Mr. Edwards lovingly indulges a unique fascination for early attempts to incorporate nonverbal human noises into song. He breaks out a turn-of-the-century device called the “songophone,” essentially a kazoo on steroids. From it, he demonstrates how the vigorously wordless sounds that Ukulele Ike and others called “eefin’” — most explosively on “Everything Is Hotsy-Totsy Now” — anticipated the full-on scat singing of Armstrong and Ella Fitzgerald.

He doesn’t just recreate specific individual records, he absolutely nails the entire idiom, which at first necessitates recognizing that Jazz Age music is indeed an idiom unto itself, much like baroque music, bebop, or bluegrass are all idioms. That extends to his singing as well as his spoken moments, in which he glories in nerding out over ancient arcana — parading a succession of archaic instruments — while somehow simultaneously putting himself down for doing the same.  

Some will think it’s remarkable that a 22-year-old could so fully inhabit that bygone era. In retrospect, though, it seems clear that youth is essential in terms of understanding that pivotal moment in the American psyche, just a dream ago, when the world was young and everything seemed possible.

Bryce Edwards and Reilly Wilmit at Don’t Tell Mama. Catherine Hancock Photography

Mr.

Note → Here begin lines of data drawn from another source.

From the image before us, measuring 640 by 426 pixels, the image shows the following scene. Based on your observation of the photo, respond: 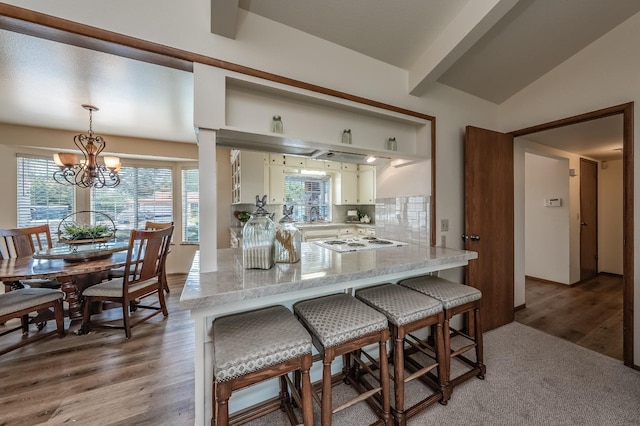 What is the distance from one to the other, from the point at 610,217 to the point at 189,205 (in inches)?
309

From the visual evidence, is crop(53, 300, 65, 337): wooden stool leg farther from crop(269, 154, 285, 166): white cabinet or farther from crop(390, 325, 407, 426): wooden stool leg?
crop(390, 325, 407, 426): wooden stool leg

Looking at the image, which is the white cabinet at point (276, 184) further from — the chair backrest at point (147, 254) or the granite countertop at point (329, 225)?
the chair backrest at point (147, 254)

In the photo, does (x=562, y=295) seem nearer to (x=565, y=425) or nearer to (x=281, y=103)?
→ (x=565, y=425)

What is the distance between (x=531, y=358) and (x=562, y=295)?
7.38 ft

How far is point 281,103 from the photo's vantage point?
5.51 ft

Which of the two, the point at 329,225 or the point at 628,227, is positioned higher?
the point at 628,227

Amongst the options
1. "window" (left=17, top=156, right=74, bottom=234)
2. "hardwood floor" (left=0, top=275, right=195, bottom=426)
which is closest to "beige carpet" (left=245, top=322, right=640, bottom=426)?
"hardwood floor" (left=0, top=275, right=195, bottom=426)

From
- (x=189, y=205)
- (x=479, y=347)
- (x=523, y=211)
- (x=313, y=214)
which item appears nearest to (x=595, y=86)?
(x=523, y=211)

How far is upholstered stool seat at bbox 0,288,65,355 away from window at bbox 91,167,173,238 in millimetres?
1935

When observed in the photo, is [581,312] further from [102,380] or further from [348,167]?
[102,380]

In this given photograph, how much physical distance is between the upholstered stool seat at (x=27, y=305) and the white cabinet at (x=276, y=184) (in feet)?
8.24

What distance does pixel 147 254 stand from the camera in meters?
2.58

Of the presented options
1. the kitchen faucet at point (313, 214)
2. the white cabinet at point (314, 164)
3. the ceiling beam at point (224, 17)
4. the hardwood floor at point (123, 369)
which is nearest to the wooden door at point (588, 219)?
the hardwood floor at point (123, 369)

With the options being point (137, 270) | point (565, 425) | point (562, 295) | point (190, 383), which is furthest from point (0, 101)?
point (562, 295)
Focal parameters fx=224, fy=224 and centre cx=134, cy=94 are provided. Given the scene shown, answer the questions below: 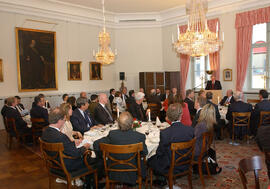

Edwards underscores that by bringing out his special guest singer, introduced as his “steady gal,” the equally perky “bright young musical theater chanteuse” Reilly Wilmit. She joined him for duets on “Two Sleepy People” (with the original signature quote from composer Hoagy Carmichael’s own “Stardust”) and “Shine On Harvest Moon.” Most of us in the house were at least as old as his parents, and the twosome fed our collective fantasy about what we wish our own youth had been like, an idealized depiction of a perfect young adulthood that never was. 

Mr. Edwards, working with bassist and pianist Conal Fowkes and trumpeter Scott Ricketts, covers all the bases of the era, from zippy novelties and rhythm songs like “Everybody Loves My Baby” to blues (“St. James Infirmary”) and sentimental laments in 3/4 (“Sighing”). Many are obscure to all but diehard ’20s ubergeeks, but there are some well-known standards, such as “Dinah” and “If I Could Be With You One Hour Tonight.” 

After building to a rousing finish with “Please Don’t Talk About Me When I’m Gone” and “Avalon,” the crowd collectively pushed him into an encore of the 1917 “Darktown Strutter’s Ball” (by the great African-American songwriter Shelton Brooks and thankfully not yet a casualty of cancel culture) and we got on our feet and applauded again. Why shouldn’t we?  For 80 minutes, Bryce Edwards had made time stand still and brought us all back home, if only in our dreams.